• RECORDS SHOWN
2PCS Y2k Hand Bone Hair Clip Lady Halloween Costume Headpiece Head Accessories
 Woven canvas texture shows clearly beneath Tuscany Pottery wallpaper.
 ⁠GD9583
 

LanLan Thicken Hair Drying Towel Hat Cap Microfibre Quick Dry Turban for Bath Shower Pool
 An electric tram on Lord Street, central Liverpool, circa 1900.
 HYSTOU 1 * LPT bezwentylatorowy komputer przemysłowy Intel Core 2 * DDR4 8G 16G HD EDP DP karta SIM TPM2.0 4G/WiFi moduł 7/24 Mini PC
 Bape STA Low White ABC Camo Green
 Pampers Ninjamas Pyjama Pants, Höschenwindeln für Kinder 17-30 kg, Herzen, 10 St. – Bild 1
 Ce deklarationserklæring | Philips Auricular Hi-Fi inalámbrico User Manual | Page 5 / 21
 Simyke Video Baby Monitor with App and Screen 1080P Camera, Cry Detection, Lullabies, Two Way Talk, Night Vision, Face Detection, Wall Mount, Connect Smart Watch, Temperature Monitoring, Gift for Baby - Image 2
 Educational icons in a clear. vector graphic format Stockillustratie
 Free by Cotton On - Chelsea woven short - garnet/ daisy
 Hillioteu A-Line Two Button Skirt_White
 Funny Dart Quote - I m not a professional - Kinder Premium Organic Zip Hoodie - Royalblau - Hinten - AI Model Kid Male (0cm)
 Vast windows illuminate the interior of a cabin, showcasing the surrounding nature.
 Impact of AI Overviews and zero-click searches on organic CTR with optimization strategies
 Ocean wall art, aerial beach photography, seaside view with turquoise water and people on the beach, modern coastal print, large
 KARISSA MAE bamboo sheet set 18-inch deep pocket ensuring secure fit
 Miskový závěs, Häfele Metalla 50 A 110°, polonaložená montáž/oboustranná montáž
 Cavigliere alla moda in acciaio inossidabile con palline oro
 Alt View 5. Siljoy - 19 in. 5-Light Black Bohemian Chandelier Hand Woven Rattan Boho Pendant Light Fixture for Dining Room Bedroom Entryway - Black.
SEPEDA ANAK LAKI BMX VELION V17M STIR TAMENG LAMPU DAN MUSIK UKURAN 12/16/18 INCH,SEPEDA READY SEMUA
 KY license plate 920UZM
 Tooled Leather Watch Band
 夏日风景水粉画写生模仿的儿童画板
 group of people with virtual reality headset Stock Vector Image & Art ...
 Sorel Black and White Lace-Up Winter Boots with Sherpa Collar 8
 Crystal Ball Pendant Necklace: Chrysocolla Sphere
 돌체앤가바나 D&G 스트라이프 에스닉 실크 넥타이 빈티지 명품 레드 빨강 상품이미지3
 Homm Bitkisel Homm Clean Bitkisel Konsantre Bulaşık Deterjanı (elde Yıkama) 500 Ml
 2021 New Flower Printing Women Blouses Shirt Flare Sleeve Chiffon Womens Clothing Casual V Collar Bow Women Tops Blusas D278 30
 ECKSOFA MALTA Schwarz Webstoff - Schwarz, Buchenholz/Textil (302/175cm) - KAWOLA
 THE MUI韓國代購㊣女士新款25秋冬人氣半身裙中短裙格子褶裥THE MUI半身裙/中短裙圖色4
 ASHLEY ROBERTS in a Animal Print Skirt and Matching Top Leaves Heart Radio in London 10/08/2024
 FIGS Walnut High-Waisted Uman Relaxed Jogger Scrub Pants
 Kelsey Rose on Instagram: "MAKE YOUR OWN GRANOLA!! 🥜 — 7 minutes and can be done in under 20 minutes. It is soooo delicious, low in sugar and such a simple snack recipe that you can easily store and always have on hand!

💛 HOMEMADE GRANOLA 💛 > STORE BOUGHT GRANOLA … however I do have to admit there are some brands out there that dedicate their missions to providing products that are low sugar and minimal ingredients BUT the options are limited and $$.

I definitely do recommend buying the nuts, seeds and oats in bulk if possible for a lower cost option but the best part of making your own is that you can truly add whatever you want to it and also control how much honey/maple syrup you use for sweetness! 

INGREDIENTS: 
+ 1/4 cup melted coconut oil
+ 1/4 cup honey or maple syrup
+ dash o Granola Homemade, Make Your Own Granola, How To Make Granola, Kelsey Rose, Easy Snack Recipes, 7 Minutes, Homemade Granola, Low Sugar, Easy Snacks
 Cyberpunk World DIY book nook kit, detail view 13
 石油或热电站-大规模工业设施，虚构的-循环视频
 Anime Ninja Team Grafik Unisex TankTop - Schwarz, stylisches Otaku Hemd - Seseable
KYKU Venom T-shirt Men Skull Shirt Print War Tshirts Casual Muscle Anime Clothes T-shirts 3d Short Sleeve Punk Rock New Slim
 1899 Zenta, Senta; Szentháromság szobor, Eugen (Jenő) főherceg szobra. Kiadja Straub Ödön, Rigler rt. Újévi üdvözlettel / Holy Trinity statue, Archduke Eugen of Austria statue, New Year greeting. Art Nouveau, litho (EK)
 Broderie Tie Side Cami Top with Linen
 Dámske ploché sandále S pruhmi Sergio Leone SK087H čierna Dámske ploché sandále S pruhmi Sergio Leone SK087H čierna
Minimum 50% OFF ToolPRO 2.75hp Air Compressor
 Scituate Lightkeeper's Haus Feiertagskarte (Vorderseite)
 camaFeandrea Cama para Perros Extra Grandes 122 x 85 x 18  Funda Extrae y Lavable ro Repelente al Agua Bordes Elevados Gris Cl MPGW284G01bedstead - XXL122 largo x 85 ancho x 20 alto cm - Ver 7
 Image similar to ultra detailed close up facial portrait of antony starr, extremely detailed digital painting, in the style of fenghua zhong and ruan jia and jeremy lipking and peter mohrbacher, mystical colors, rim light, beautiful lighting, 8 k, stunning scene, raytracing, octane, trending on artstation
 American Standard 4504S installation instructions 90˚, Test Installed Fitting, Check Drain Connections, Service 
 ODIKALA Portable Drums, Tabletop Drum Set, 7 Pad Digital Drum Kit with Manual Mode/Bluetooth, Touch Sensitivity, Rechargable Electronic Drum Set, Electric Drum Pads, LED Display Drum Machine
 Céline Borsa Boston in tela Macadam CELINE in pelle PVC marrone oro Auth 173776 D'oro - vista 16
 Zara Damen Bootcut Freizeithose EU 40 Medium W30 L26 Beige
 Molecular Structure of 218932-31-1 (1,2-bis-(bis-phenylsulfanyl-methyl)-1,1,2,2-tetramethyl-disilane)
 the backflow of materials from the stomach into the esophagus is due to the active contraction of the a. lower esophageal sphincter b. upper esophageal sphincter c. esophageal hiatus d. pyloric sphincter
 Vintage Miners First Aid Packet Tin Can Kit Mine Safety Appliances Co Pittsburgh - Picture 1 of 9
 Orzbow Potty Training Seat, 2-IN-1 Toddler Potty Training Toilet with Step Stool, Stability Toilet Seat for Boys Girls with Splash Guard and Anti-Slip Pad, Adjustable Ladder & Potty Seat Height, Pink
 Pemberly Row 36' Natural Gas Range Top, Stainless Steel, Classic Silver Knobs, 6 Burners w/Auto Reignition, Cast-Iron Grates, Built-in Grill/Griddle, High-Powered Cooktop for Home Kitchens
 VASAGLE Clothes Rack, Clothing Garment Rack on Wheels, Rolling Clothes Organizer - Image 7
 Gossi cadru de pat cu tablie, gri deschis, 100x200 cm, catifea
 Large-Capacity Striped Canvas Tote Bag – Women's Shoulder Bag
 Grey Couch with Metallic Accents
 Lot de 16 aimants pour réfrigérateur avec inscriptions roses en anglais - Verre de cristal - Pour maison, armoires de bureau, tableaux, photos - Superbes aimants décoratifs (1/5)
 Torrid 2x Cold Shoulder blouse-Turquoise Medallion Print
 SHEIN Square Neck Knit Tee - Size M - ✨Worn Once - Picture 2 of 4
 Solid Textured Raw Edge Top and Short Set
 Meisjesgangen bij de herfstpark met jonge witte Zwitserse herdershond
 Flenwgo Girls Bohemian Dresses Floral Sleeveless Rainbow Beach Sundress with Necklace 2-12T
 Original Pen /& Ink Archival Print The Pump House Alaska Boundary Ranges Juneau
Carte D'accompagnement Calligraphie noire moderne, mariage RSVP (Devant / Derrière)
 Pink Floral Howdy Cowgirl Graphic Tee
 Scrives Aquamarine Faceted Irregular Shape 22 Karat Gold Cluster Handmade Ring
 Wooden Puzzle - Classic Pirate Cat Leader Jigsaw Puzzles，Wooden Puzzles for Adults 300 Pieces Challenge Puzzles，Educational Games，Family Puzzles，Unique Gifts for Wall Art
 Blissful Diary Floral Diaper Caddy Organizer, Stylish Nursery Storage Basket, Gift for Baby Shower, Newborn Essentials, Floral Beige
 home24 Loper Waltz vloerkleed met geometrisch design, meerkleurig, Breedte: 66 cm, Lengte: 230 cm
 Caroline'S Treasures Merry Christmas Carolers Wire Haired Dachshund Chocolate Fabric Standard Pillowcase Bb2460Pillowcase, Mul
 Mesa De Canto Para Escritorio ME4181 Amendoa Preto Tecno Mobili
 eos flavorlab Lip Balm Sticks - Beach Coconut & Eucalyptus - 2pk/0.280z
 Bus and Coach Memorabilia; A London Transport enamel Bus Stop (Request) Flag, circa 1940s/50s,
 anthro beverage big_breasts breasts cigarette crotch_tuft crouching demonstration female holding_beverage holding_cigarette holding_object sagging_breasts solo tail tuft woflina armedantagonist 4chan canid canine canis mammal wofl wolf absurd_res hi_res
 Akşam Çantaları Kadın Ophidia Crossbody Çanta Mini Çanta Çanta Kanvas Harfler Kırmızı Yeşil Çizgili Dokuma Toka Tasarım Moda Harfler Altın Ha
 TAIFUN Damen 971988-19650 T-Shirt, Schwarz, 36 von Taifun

• DESCRIPTION OF THE TASK
Across the entries, work out how many lines hold the word "Necklace". Reply with that number only.

• ANSWER SPACE
2